Given the increasingly long-in-the-tooth status of many doom / heavy metal bands, that makes them comparatively fresh.
But the Pennsylvania group have always projected pathos and had an oaken, seasoned quality about their metal.
They’ve always felt more akin to the old hands of the Maryland doom scene rather than any other upstart US sound.
Much of this will have to do with the presence of ex-Penance singer Brian Balich, whose brass-hard shout has been a vital part of their sound. He leads from the fore on ‘From Fields of Fire’.
The record strikes two positives before even the first minute has passed.
Offering up another gorgeous cover art from the criminally under-utilized Brad Moore, this one features a truly beautiful and alien-looking mindscape.
The band also offer up an intro of richly woven acoustics that swiftly brings ‘Still Life’-era Opeth to mind; not a band one would readily associate with Argus.
Why the dissonance?
Well, while Argus have always achieved very strong songwriting in their niche, diverse sounds and true wealth in dynamics isn’t something you’d associate with them. On ‘From Fields of Fire’, they go some way to remedying that.
They’ve always been happy to delve into the rich annals of doom-ridden guitar, drawing plenty of inspiration from ‘Lamentations’, ‘‘Nightfall’ and the like.
But opener proper, ‘Devils of Your Time’, shows a dynamism that those records never really attempted. Crunching palm-mutes, a whallop of an “Oogh!”, and some almost fusion-indebted leads leads to a very finely balanced tune, with hints of ambition that drives beyond.
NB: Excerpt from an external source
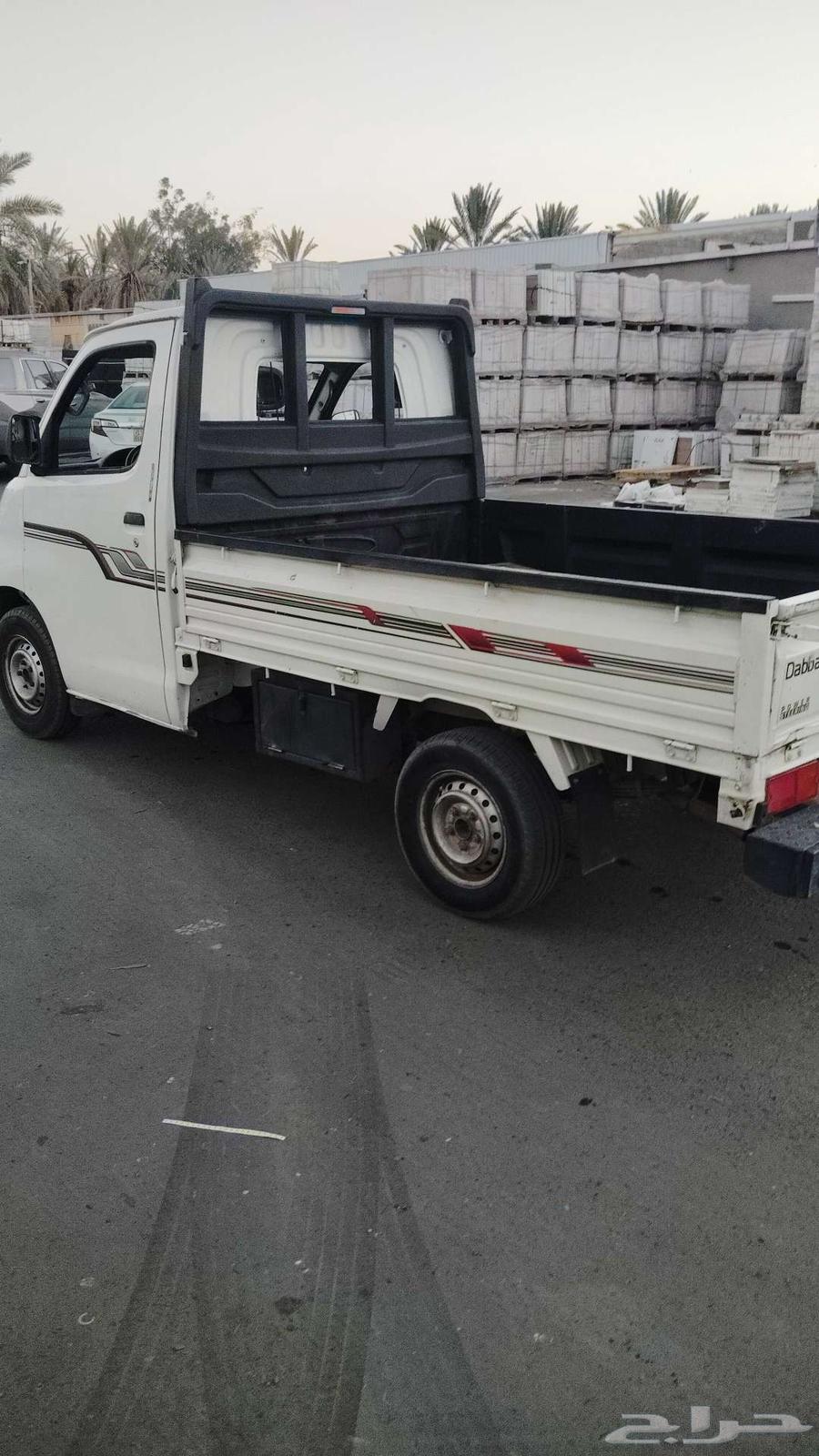 دباب للمشاوير داخل وخارج تبوك64513573332353110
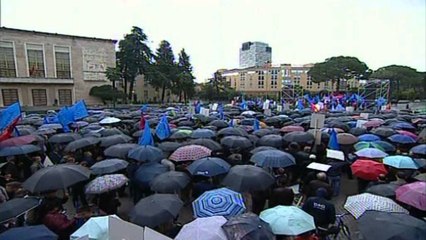 Basha mbledh opozitën në shesh: Rama-Meta qeverisin si në xhungël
‘As a Thousand Thieves’ is more straight-forward gallop-driven fare, but gives Balloch more space to stretch into the wounded story-telling he does deliver so well. The momentum though, drops somewhat as we enter more desolate, chugging terrain.
This is where the frustration with Argus can sometimes come to the fore.
Having given us a taste of something richer, the more simplistic, almost austere steel they revert to can almost feel like a come-down. It’s something that happens throughout the record.
Then though, isn’t the reversion to chugging doom all the more doomed for that?
Sometimes, like on ‘You Are The Curse’, they hit a metallic stride with those traditional elements that can’t be resisted. It’s such a well-rounded track.
Contrast that then with the almost lugubrious, wonderfully delicate arrangements that launch ‘No Right to Grieve’. Balich hits emotional pay dirt here, emitting passion that just need to be soaked up.
Maybe the somewhat lopsided nature to the songs then is their curse. It still makes for highly engaging listening.
Just like the winged creation on the cover, it sounds like the band are stretching their bonds with their foundations.
The struggle itself makes for something that’s hard to tear the ears from. Colourful and crafted, it pushes the group into more diverse and outright interesting territory.